Il cloud ibrido e il multi-cloud non sono la stessa cosa, nonostante spesso i termini siano usati come sinonimi. Il cloud ibrido combina diversi cloud pubblici e privati che collaborano per condividere dati e processi per svolgere la stessa attività. Al contrario, il multi-cloud si avvale di servizi offerti da più cloud pubblici per eseguire varie attività, senza considerare la loro localizzazione. Le aziende, per evitare la dipendenza da un singolo fornitore, possono optare per utilizzare risorse da vari provider per sfruttare al meglio i vantaggi di ciascun servizio. 

Un sistema basato su cloud ibrido può anche rientrare nella categoria multi-cloud se integra risorse da un cloud privato e almeno due fornitori di cloud pubblico. In sintesi, mentre tutte le configurazioni multi-cloud possono includere elementi di cloud ibridi, non tutti i cloud ibridi si qualificano automaticamente come multi-cloud.

La scelta tra cloud ibrido e multi-cloud dipende dalle specifiche esigenze aziendali. Il cloud ibrido è ideale per aziende che necessitano di una governance efficace delle applicazioni, miglioramento della privacy, e vogliono integrare tecnologie moderne come il machine learning e l'AI senza espandere l'infrastruttura esistente, ottimizzando il ROI. D'altra parte, il multi-cloud è più adatto per aziende che operano in un contesto digitale globale e necessitano di massima disponibilità delle applicazioni, flessibilità nella scelta dei provider per mantenere competitività, e miglioramento dei tempi di risposta per utenti geograficamente distanti. Pertanto, l'approccio giusto dipende dalla necessità di bilanciare privacy, flessibilità, innovazione e disponibilità globale. 

Esempi e casi di aziende che hanno scelto l’hybrid cloud

Che si parli di multi cloud o di cloud ibrido, possiamo dire che il mercato dell’offerta è oramai maturo: sempre più aziende hanno già scelto l’alternativa dell’hybrid cloud per la gestione degli ecosistemi IT, traendone vantaggio. 

Passando in rassegna alcuni esempi, Johnson & Johnson ha implementato un'architettura ottimizzata che permette di connettere i data center locali alle risorse in cloud di AWS; Coca-Cola European Partners (CCEP) si è rivolta a Ibm per portare in cloud alcuni carichi di lavoro mission-critical, andando a costruire un ambiente ibrido; PayPal ha costruito un ecosistema multi cloud, riunendo soluzioni private e pubbliche di diversi fornitori, tra cui Google Cloud.

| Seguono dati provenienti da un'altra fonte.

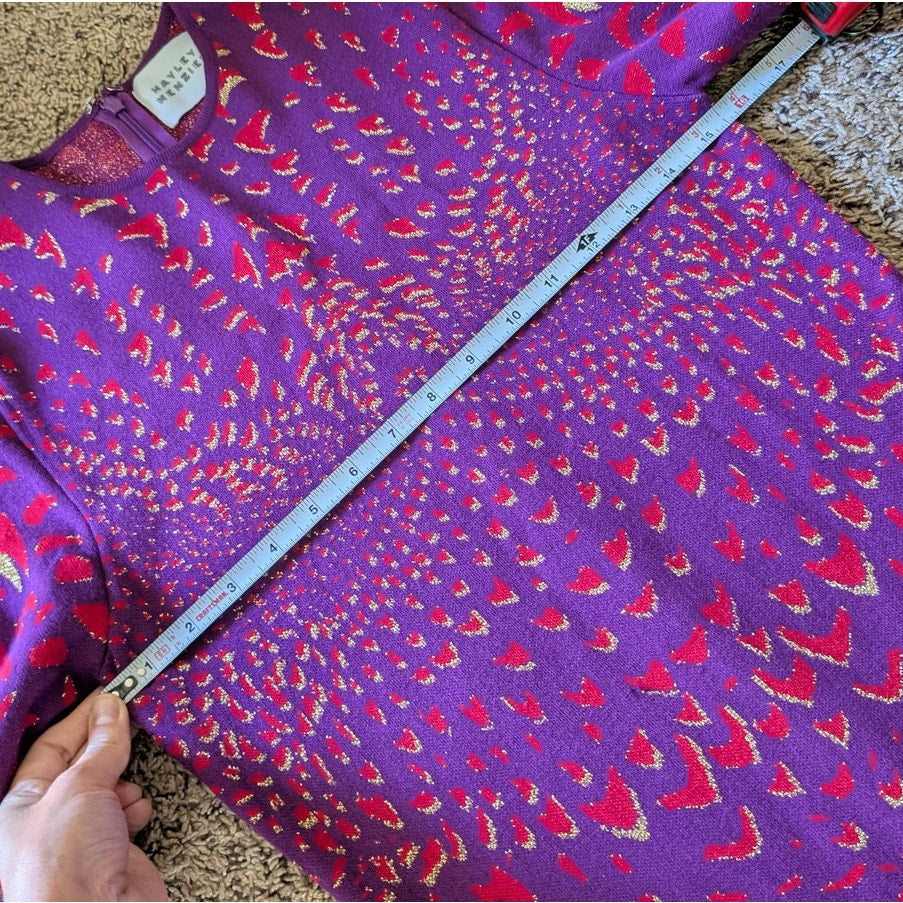 Hayley Menzies Purple Printed Long Sleeve Knit Mini Sweater Dress, size M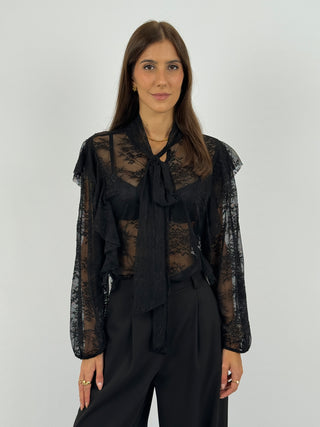 Blusa in Pizzo con Fiocco e Volant Nera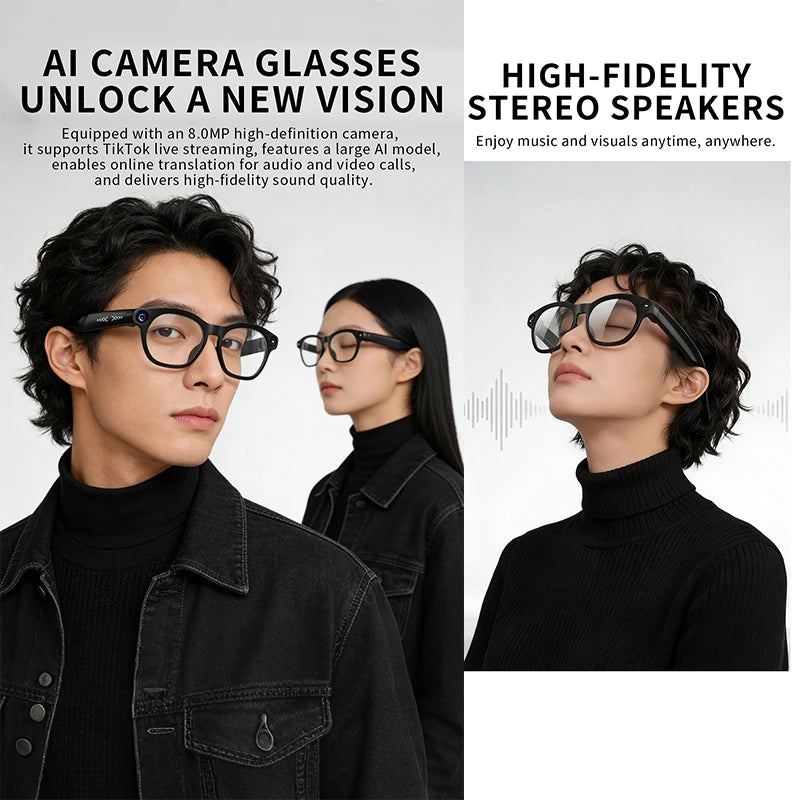 8MP AI Translation Camera Glasses | Braviixx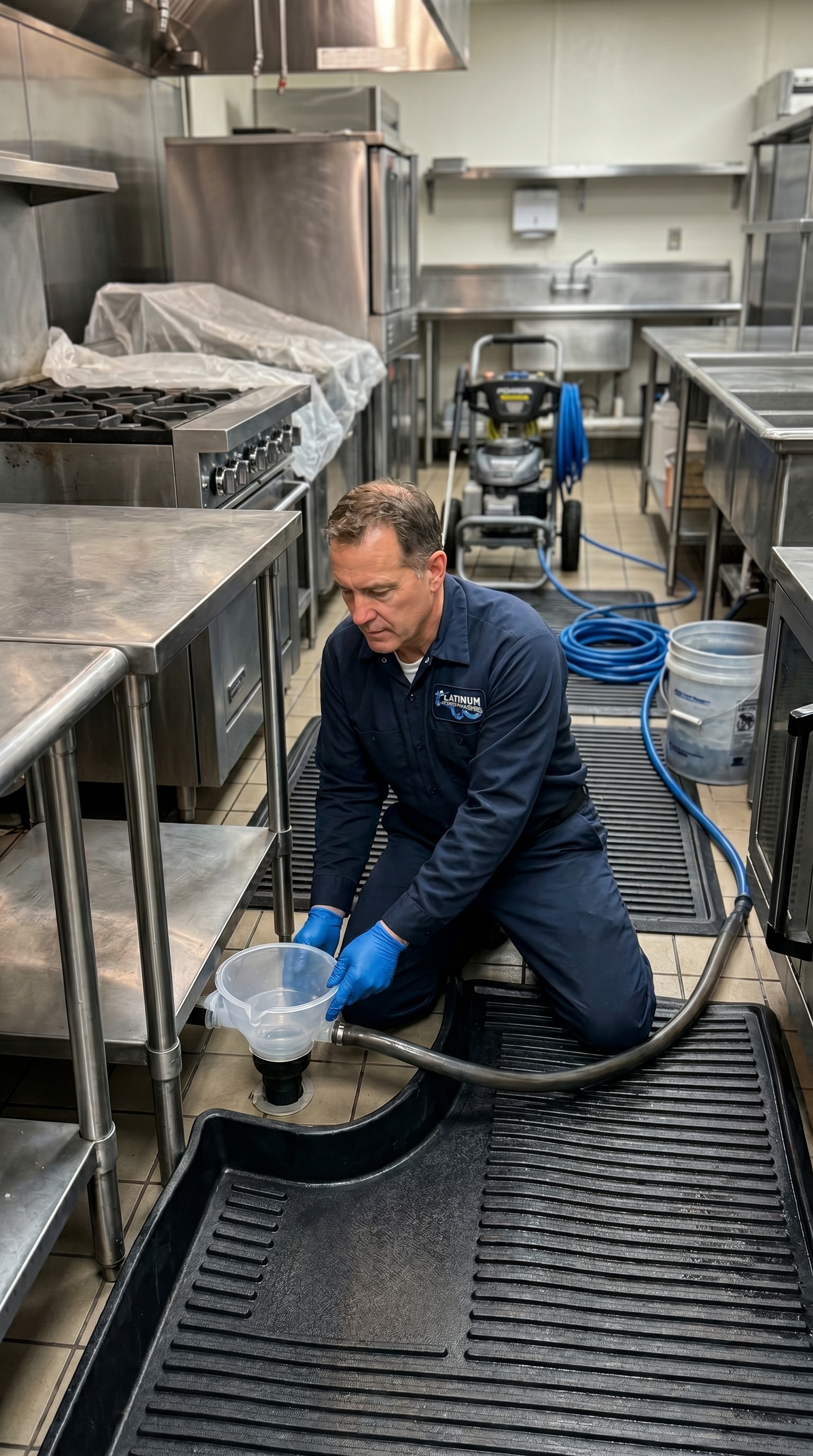 Containment funnel set into a kitchen floor drain, pressure-washer reel staged in the background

Non mancano i casi di successo nazionali. Due esempi sono la multinazionale chimico-farmaceutica Zambon e la società Caleffi Hydronic Solutions, specializzata nella produzione di componentistica per impianti di riscaldamento, condizionamento e idrosanitari. Entrambi i progetti hanno visto la combinazione dei servizi cloud offerti da Google Cloud Platform e Alibaba Cloud per gestire le applicazioni e i siti web aziendali rispettivamente in Occidente e in Oriente, uniformando i processi e centralizzando la governance.

Concludendo, la possibilità di scelta e la flessibilità sono criteri che sempre più in futuro guideranno le aziende verso l’hybrid cloud: l’importante è partire con il piede giusto, potendo contare su competenza specializzate e il supporto di un partner fidato.